[Problem to solve] What do the lines say, reproduced word for word, from the first of the entries below through the line bearing "Snapshot of sherributlers"?

[Web page caption snippets]
◇ ◇ ◇ ◇ ◇
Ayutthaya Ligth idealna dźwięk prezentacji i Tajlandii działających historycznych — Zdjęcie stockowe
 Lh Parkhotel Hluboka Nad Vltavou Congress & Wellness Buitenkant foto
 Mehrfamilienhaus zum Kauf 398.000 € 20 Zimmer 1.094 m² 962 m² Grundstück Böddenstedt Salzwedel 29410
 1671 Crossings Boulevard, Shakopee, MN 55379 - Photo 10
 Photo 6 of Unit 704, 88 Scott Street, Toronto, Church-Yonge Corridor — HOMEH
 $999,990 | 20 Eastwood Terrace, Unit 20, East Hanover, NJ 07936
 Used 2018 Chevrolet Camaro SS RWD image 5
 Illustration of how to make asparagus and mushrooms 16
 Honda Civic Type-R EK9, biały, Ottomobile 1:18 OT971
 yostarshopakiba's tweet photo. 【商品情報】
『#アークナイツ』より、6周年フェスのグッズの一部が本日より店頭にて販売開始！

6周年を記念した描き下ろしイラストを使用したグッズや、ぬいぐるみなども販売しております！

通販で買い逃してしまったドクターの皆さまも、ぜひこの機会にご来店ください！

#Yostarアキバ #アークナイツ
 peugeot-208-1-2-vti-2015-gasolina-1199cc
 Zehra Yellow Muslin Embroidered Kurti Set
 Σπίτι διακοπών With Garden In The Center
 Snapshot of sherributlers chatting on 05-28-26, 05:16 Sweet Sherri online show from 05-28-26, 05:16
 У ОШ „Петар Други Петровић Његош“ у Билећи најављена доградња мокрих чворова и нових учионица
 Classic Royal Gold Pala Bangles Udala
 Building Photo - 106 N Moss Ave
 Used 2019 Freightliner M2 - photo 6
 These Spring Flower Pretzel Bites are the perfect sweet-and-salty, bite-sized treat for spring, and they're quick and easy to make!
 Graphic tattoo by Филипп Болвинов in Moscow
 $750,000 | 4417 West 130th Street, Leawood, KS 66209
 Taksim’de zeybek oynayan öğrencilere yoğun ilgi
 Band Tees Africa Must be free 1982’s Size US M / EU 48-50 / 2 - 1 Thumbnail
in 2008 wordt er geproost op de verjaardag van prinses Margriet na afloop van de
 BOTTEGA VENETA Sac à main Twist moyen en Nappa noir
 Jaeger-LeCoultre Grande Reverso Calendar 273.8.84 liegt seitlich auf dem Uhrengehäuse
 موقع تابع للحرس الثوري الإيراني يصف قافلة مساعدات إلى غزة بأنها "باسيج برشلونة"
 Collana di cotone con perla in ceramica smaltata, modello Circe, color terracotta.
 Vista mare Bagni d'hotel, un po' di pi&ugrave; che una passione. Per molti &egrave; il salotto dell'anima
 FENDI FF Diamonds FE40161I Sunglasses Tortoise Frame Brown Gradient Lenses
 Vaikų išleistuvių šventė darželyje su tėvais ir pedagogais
◇ ◇ ◇ ◇ ◇
[Exercise output]
Ayutthaya Ligth idealna dźwięk prezentacji i Tajlandii działających historycznych — Zdjęcie stockowe
 Lh Parkhotel Hluboka Nad Vltavou Congress & Wellness Buitenkant foto
 Mehrfamilienhaus zum Kauf 398.000 € 20 Zimmer 1.094 m² 962 m² Grundstück Böddenstedt Salzwedel 29410
 1671 Crossings Boulevard, Shakopee, MN 55379 - Photo 10
 Photo 6 of Unit 704, 88 Scott Street, Toronto, Church-Yonge Corridor — HOMEH
 $999,990 | 20 Eastwood Terrace, Unit 20, East Hanover, NJ 07936
 Used 2018 Chevrolet Camaro SS RWD image 5
 Illustration of how to make asparagus and mushrooms 16
 Honda Civic Type-R EK9, biały, Ottomobile 1:18 OT971
 yostarshopakiba's tweet photo. 【商品情報】
『#アークナイツ』より、6周年フェスのグッズの一部が本日より店頭にて販売開始！

6周年を記念した描き下ろしイラストを使用したグッズや、ぬいぐるみなども販売しております！

通販で買い逃してしまったドクターの皆さまも、ぜひこの機会にご来店ください！

#Yostarアキバ #アークナイツ
 peugeot-208-1-2-vti-2015-gasolina-1199cc
 Zehra Yellow Muslin Embroidered Kurti Set
 Σπίτι διακοπών With Garden In The Center
 Snapshot of sherributlers chatting on 05-28-26, 05:16 Sweet Sherri online show from 05-28-26, 05:16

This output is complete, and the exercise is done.